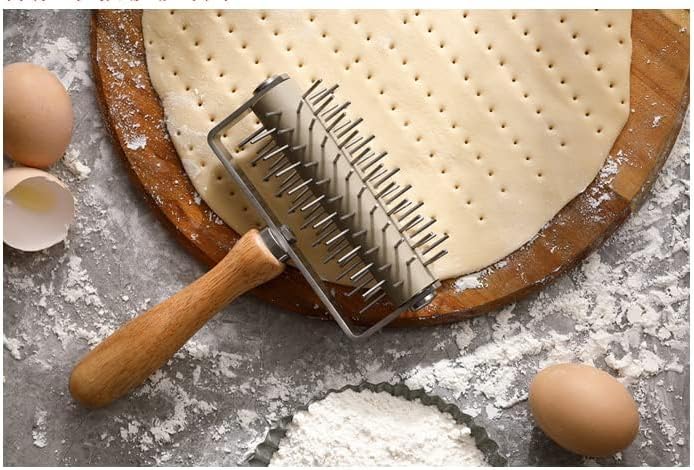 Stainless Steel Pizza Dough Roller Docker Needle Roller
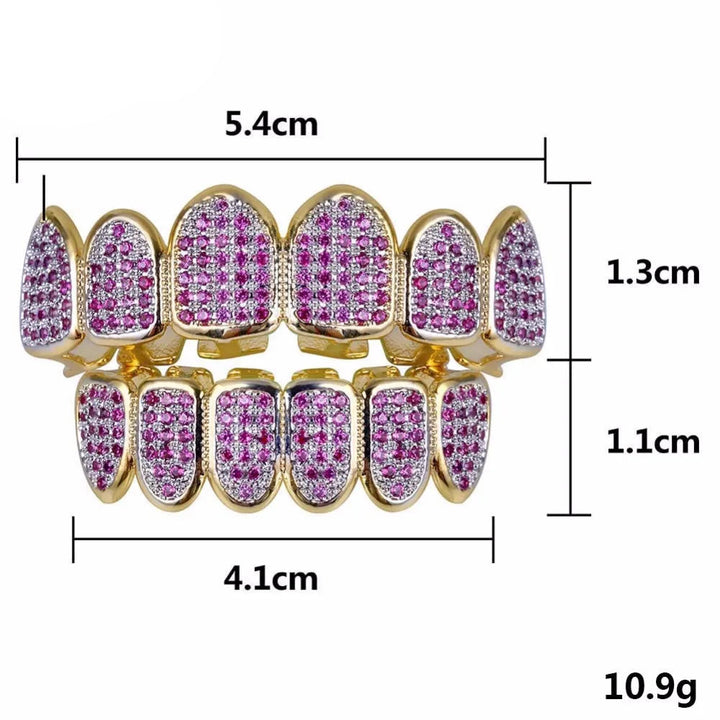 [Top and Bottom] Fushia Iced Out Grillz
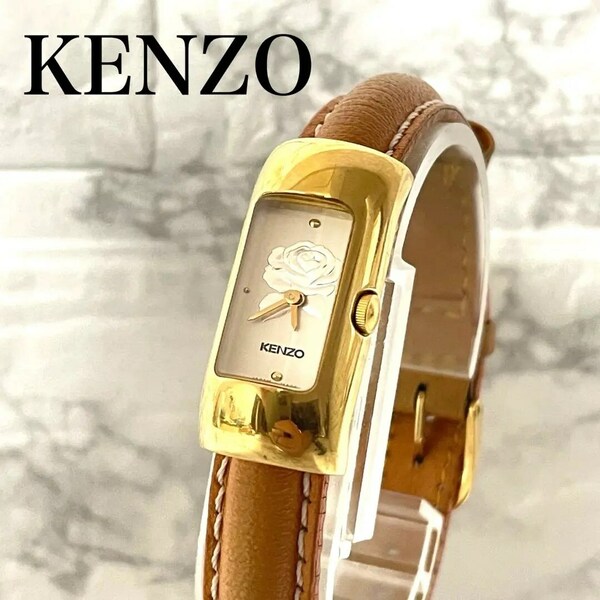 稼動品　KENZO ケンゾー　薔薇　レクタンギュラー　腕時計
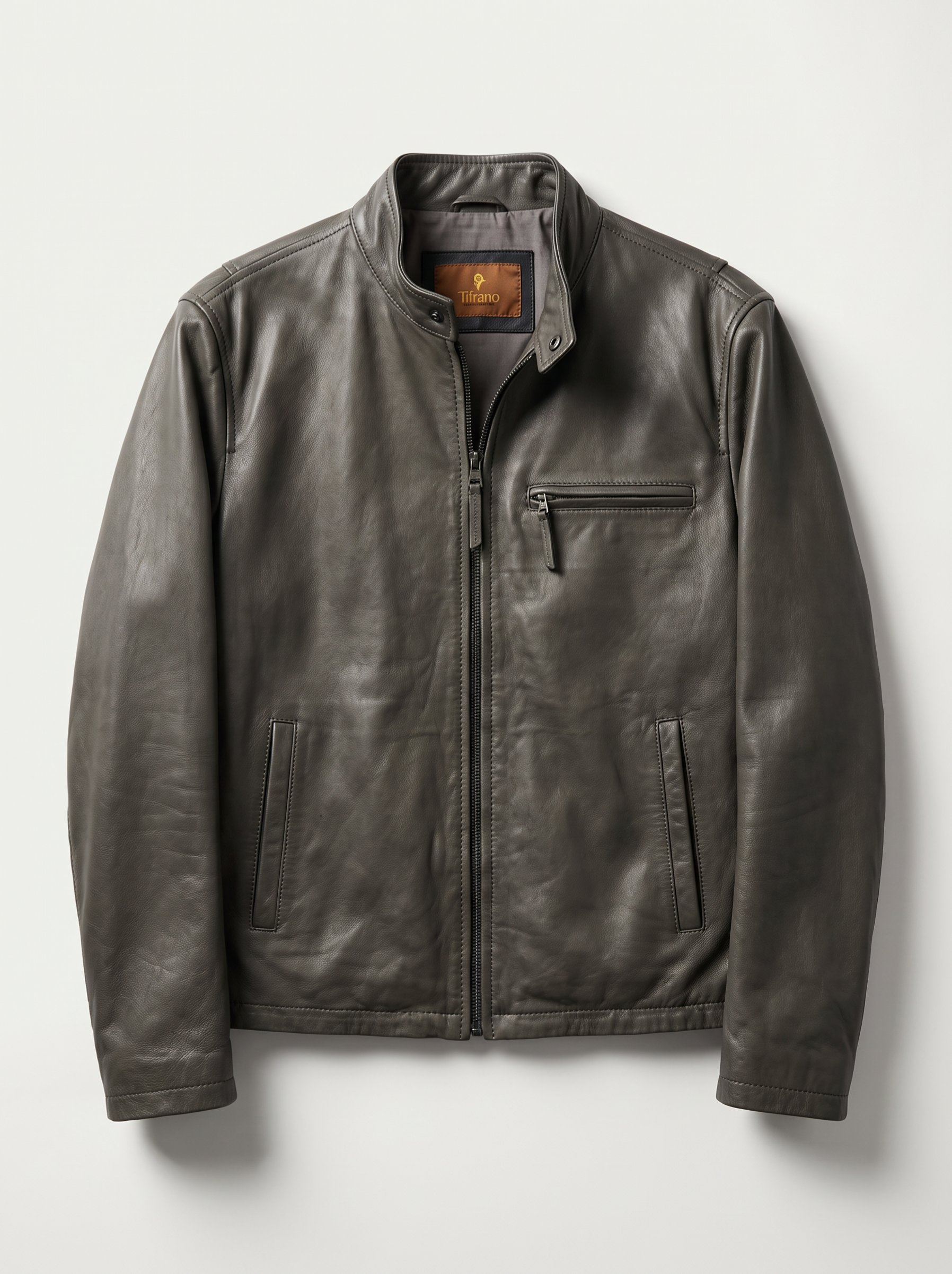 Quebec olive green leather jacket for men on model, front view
┄┄┄┄┄┄┄┄┄┄┄┄┄┄┄┄┄┄┄┄
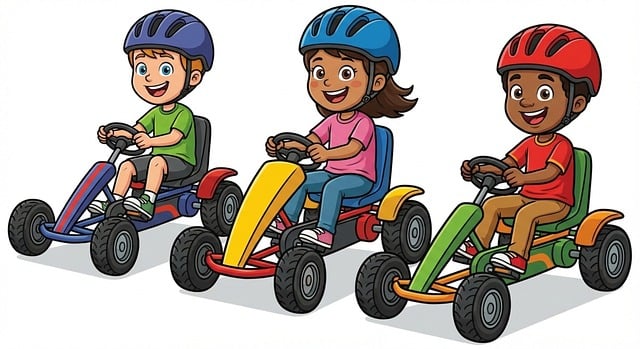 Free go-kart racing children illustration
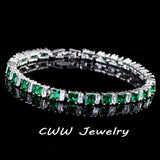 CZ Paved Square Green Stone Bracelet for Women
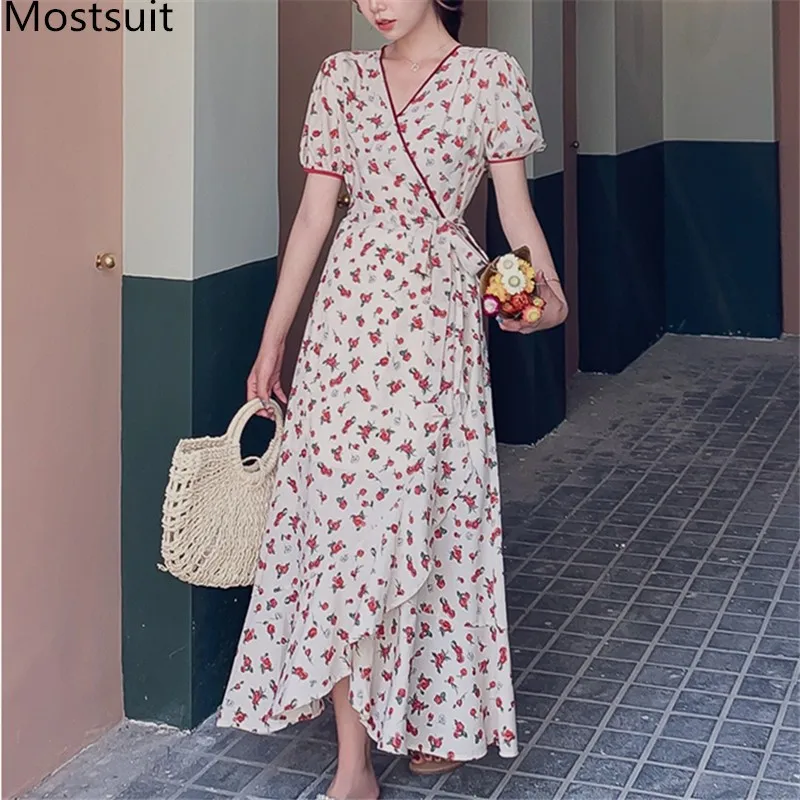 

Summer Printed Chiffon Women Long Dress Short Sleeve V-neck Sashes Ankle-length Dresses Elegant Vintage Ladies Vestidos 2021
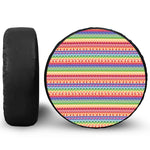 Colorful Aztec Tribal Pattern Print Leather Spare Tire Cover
┄┄┄┄┄┄┄┄┄┄┄┄┄┄┄┄┄┄┄┄
= What you will do =
Would you copy out, exactly and with no pictures, only the lines above from the one that contains "Stainless Steel Pizza" through the one that contains "Quebec olive green"?

= Result of this exercise =
 Stainless Steel Pizza Dough Roller Docker Needle Roller
 [Top and Bottom] Fushia Iced Out Grillz
 稼動品　KENZO ケンゾー　薔薇　レクタンギュラー　腕時計
 Quebec olive green leather jacket for men on model, front view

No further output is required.